The Falcon 9 was able to complete its main mission — putting the SpaceX Dragon cargo carrier into an orbit to be captured by astronauts on the international space station — despite the engine shutdown. Dragon is expected to begin an approach to the station Oct. 10.
But the first-stage issue prevented Falcon 9 from performing an additional ignition sequence later in its flight that would have enabled the Orbcomm satellite to be released into the intended orbit. Performing a second burn following the first-stage engine shutdown would have put the flight out of the “safety gate” set by NASA and the international space station partners for the approaching the orbiting laboratory, Orbcomm said.
Orbcomm operates a global machine-to-machine messaging service using a constellation of satellites in low Earth orbit. Its second-generation constellation is designed to provide faster and higher-volume messaging, and also to provide a global Automatic Identification Service on maritime traffic.

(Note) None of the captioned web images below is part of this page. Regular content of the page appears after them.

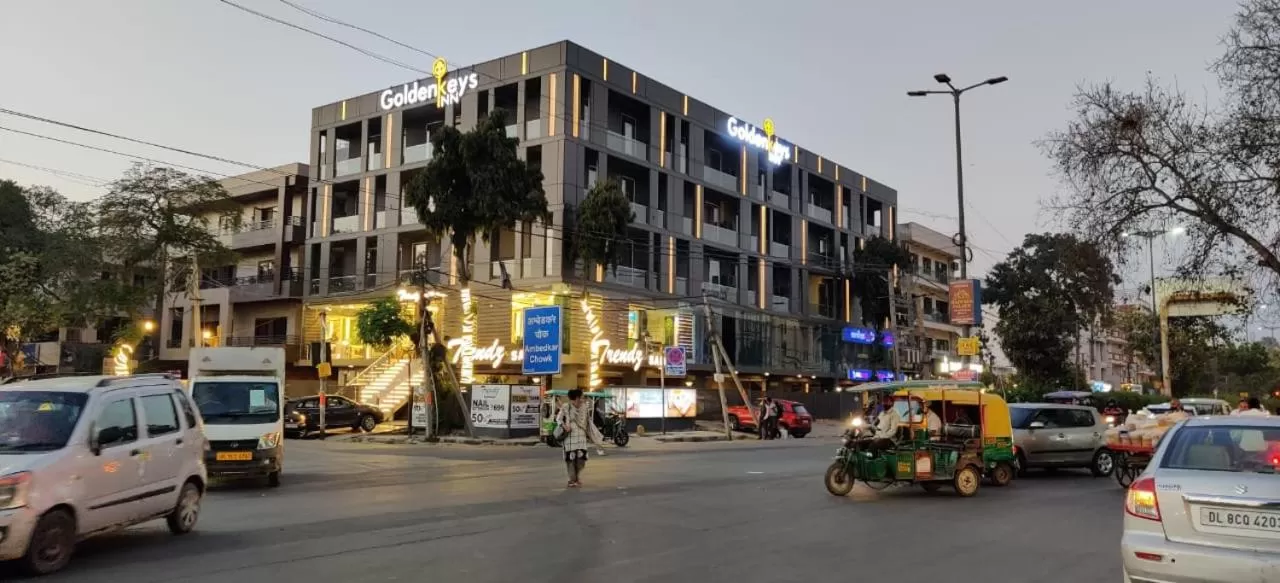 Property building in GoldenKeys Inn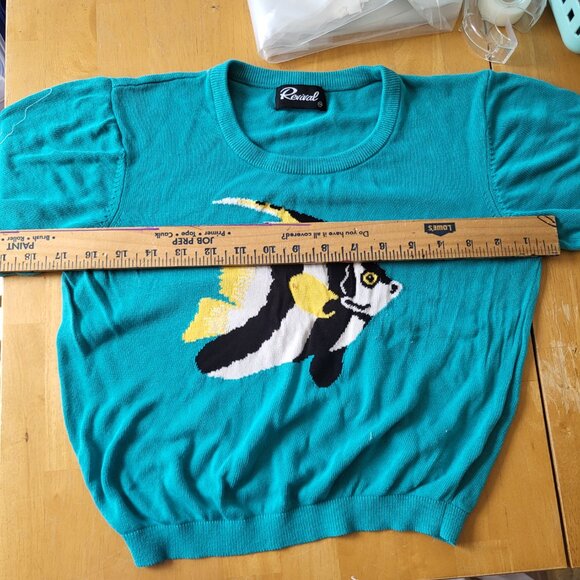 Soft Bright Blue / Teal Intarsia Knit Fish Lightweight Knit Sweater - Picture 5 of 5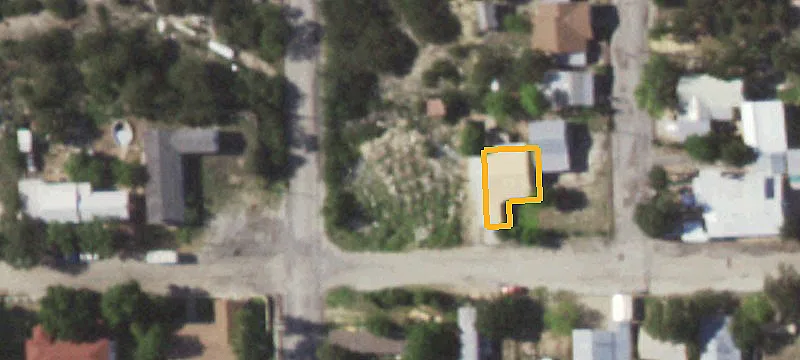 Ozona, TX 76943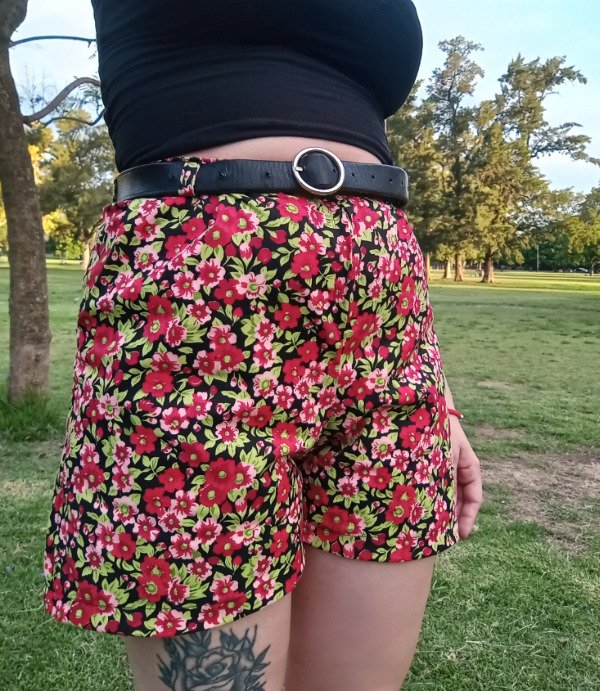 Producto - Short de florcitas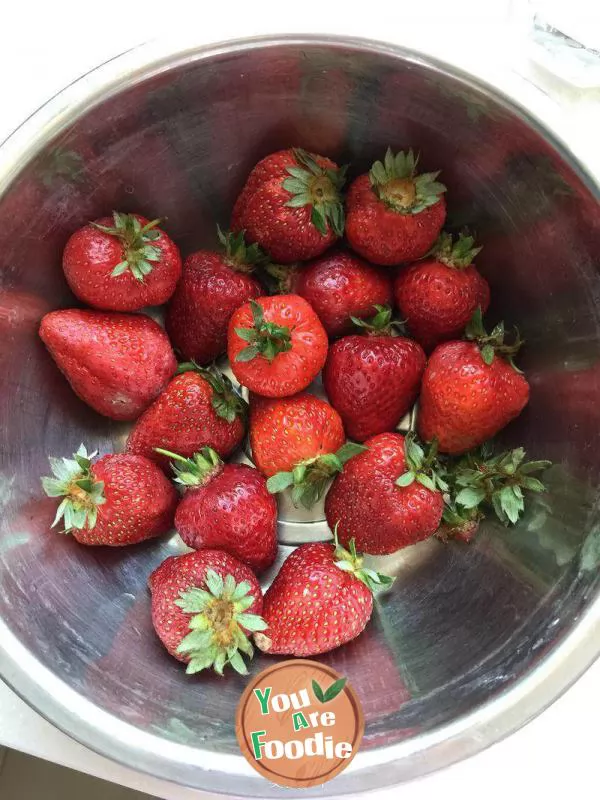 Strawberry Lassi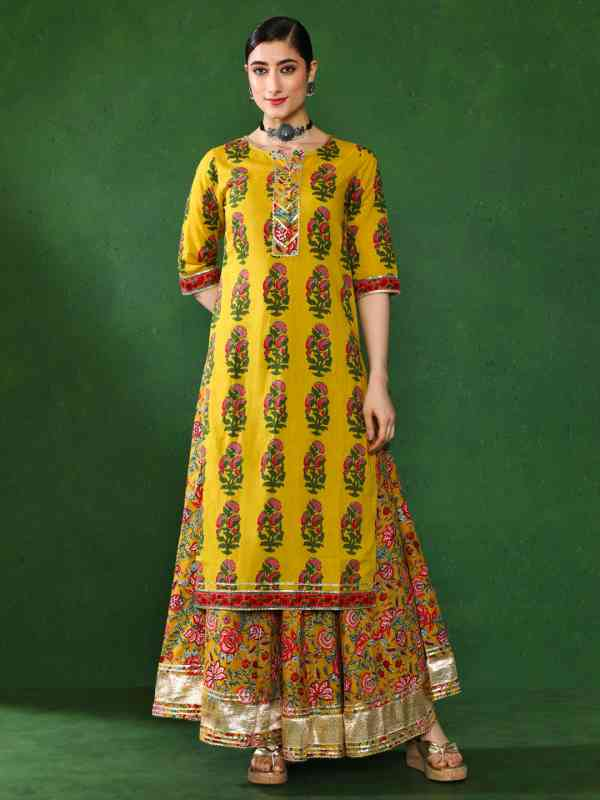Kurta with Skirt in Nepal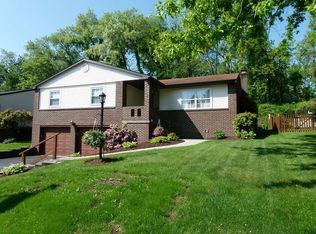 109 Firwood Dr, Pittsburgh, PA 15239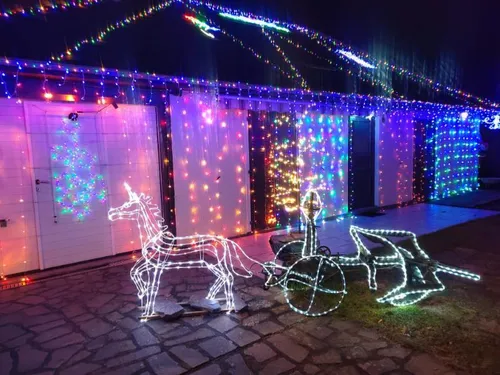  Les maisons illuminées ont le vent en poupe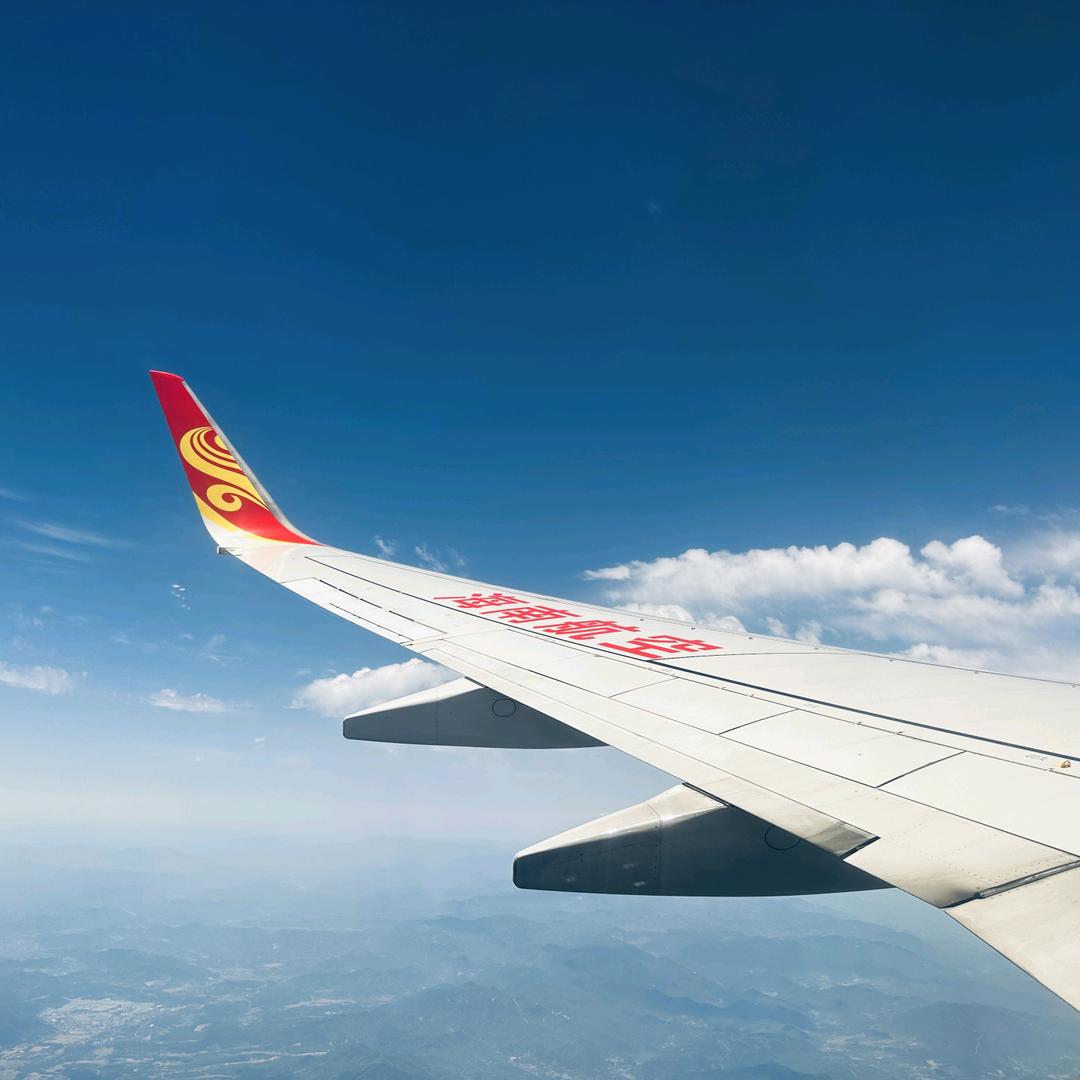 曌曌空曌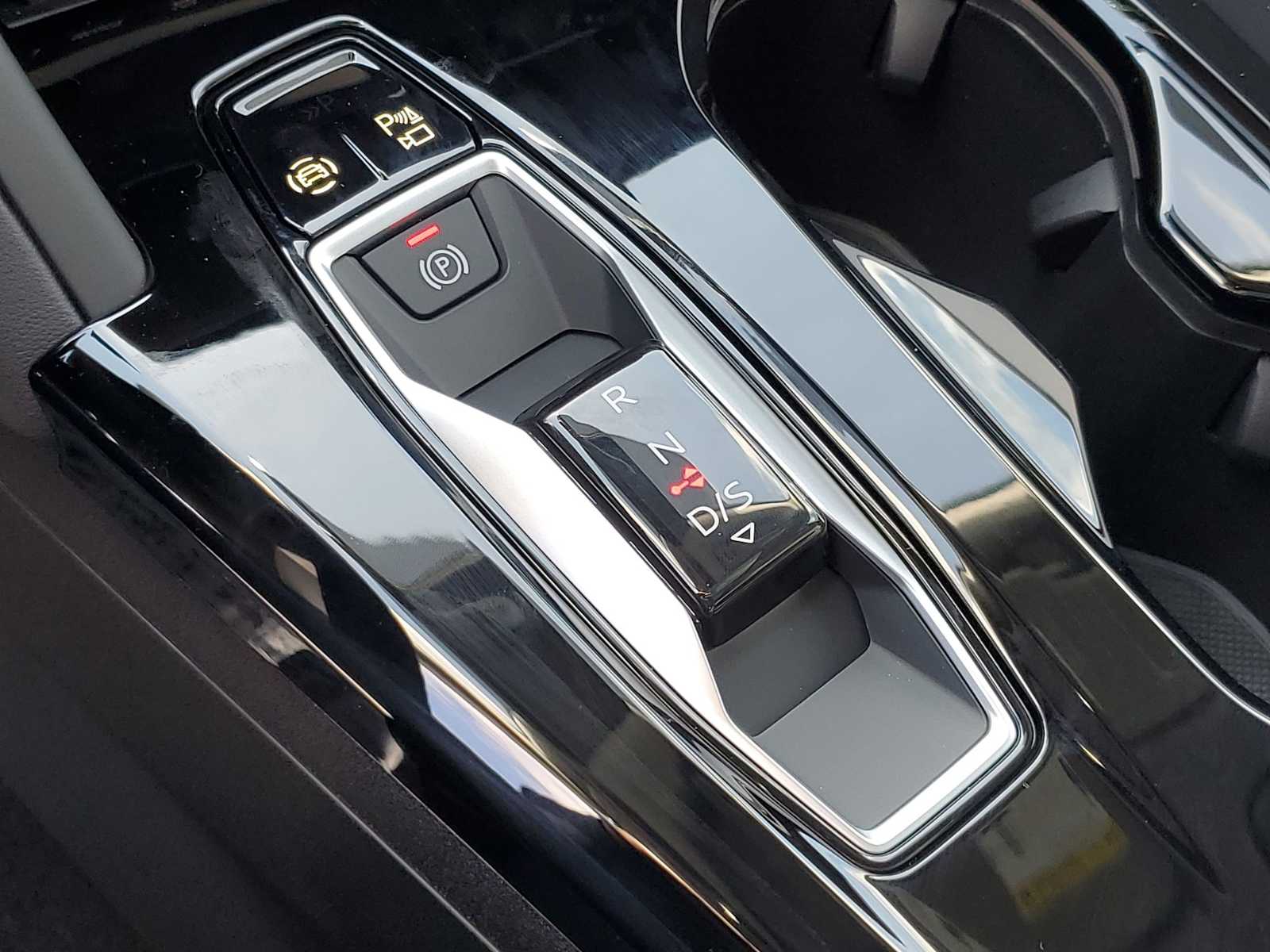 Thumbnail: 2025 Audi Q5 - 25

Orbcomm is relying on Hawthorne, Calif.-based SpaceX to launch all its second-generation satellites. Eight Orbcomm satellites are scheduled for launch aboard a Falcon 9 in mid-2013, with another 10 satellites scheduled for a 2014 Falcon 9 launch.
Orbcomm said it will be the prime customer for both of these Falcon 9 missions.
SpaceX issued a statement Oct. 8 on the first-stage engine anomaly that described what happened but did not mention the Orbcomm satellite.
“We know the engine did not explode because we continued to receive data from it,” SpaceX said of the shutdown of one of the nine Merlin engines of the first stage. “Our review indicates that the fairing that protects the engine from aerodynamic loads ruptured due to the engine pressure release, and that none of Falcon 9’s other eight engines were impacted by this event.
“As designed, the flight computer then recomputed a new ascent profile in real time to assure Dragon’s entry into orbit for subsequent rendezvous and berthing with” the space station, the SpaceX statement said.